(Beginning of DATA SEGMENT)

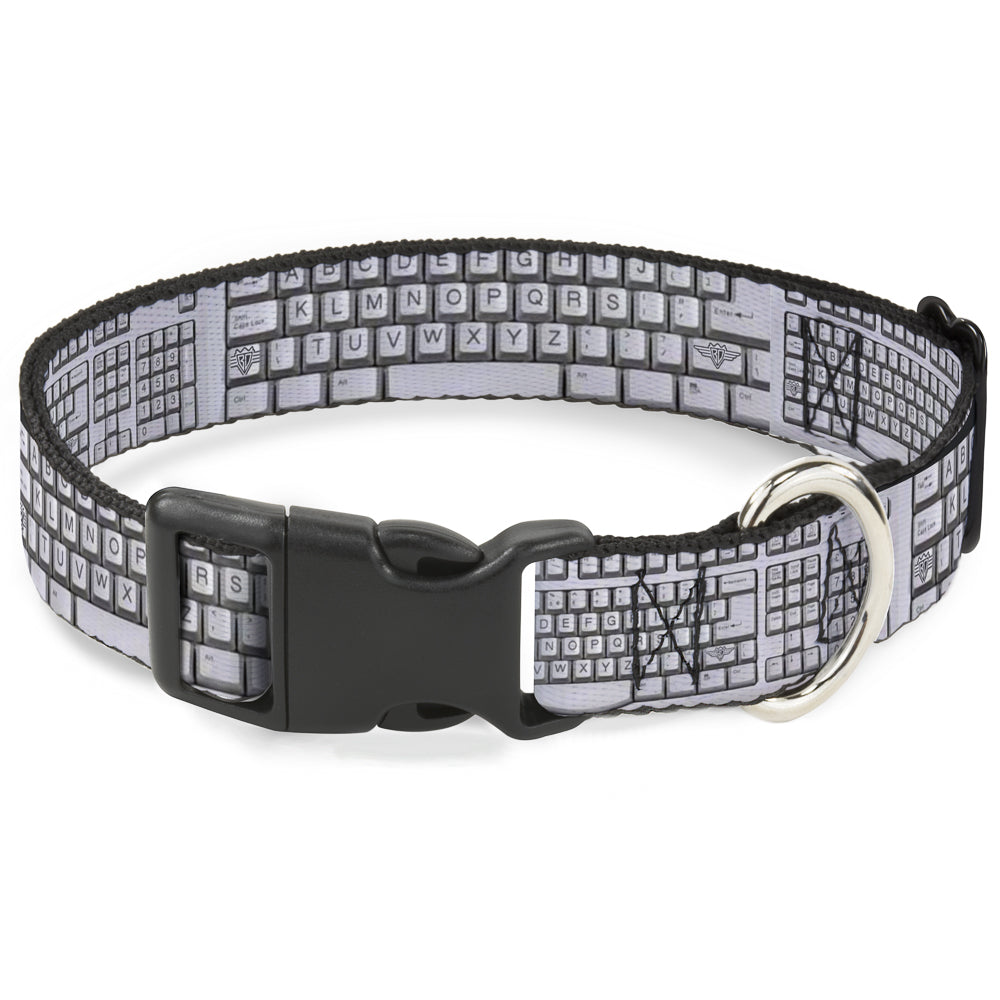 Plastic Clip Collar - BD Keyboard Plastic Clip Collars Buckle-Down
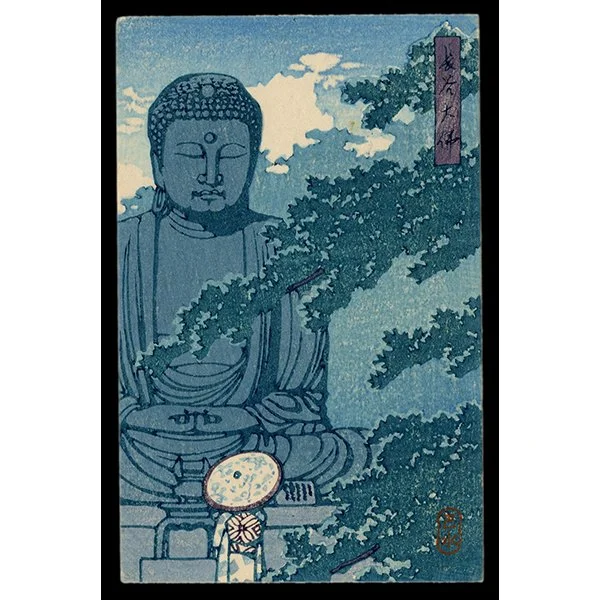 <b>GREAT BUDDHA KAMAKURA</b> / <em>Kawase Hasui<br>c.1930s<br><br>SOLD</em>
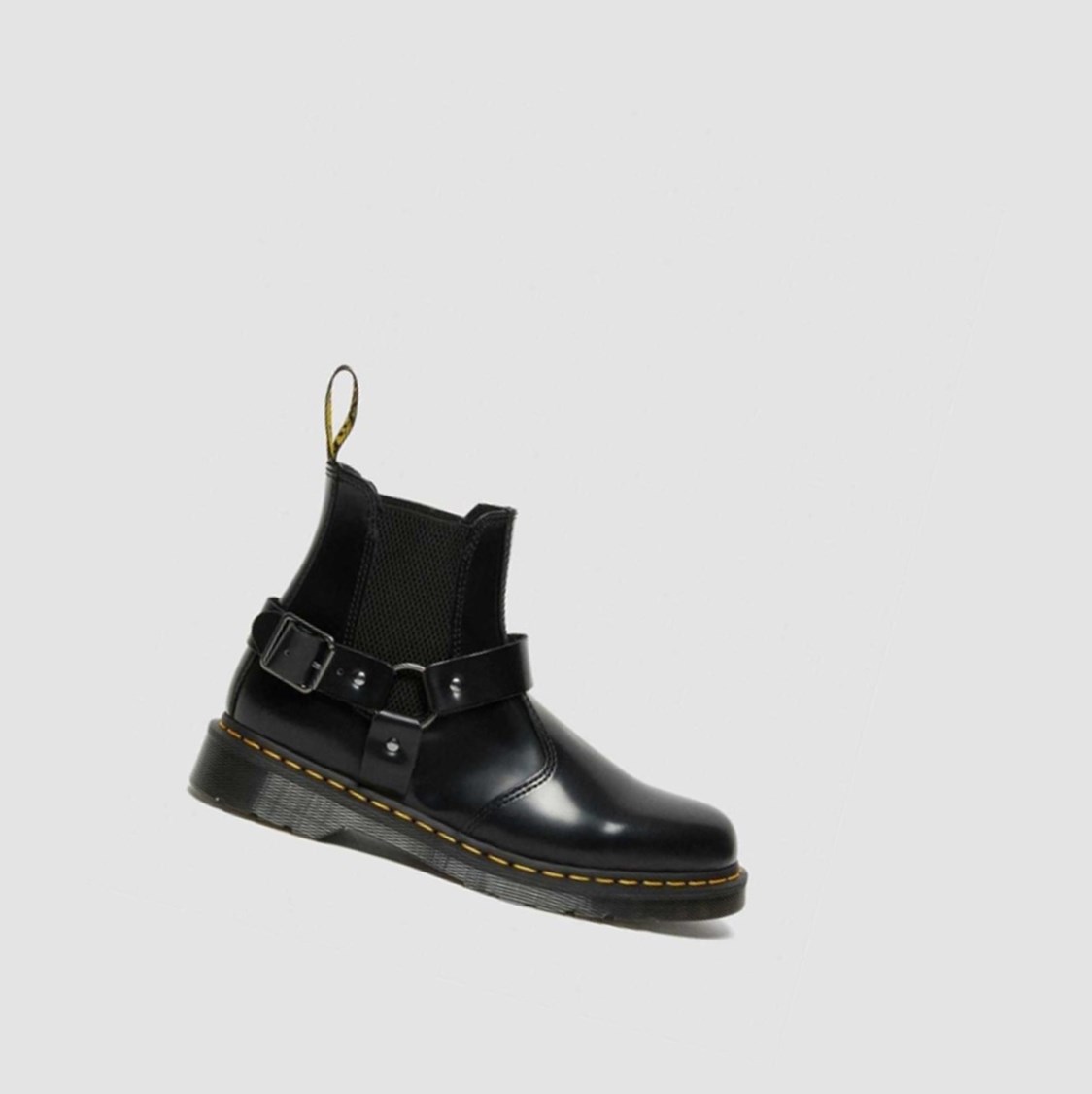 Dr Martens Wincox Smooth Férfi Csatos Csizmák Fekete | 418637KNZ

(End of DATA SEGMENT)

## TASK DIRECTIONS
In your copy of the material, match every word exactly and include no pictures.

## REPLY
 Plastic Clip Collar - BD Keyboard Plastic Clip Collars Buckle-Down
 <b>GREAT BUDDHA KAMAKURA</b> / <em>Kawase Hasui<br>c.1930s<br><br>SOLD</em>
 Dr Martens Wincox Smooth Férfi Csatos Csizmák Fekete | 418637KNZ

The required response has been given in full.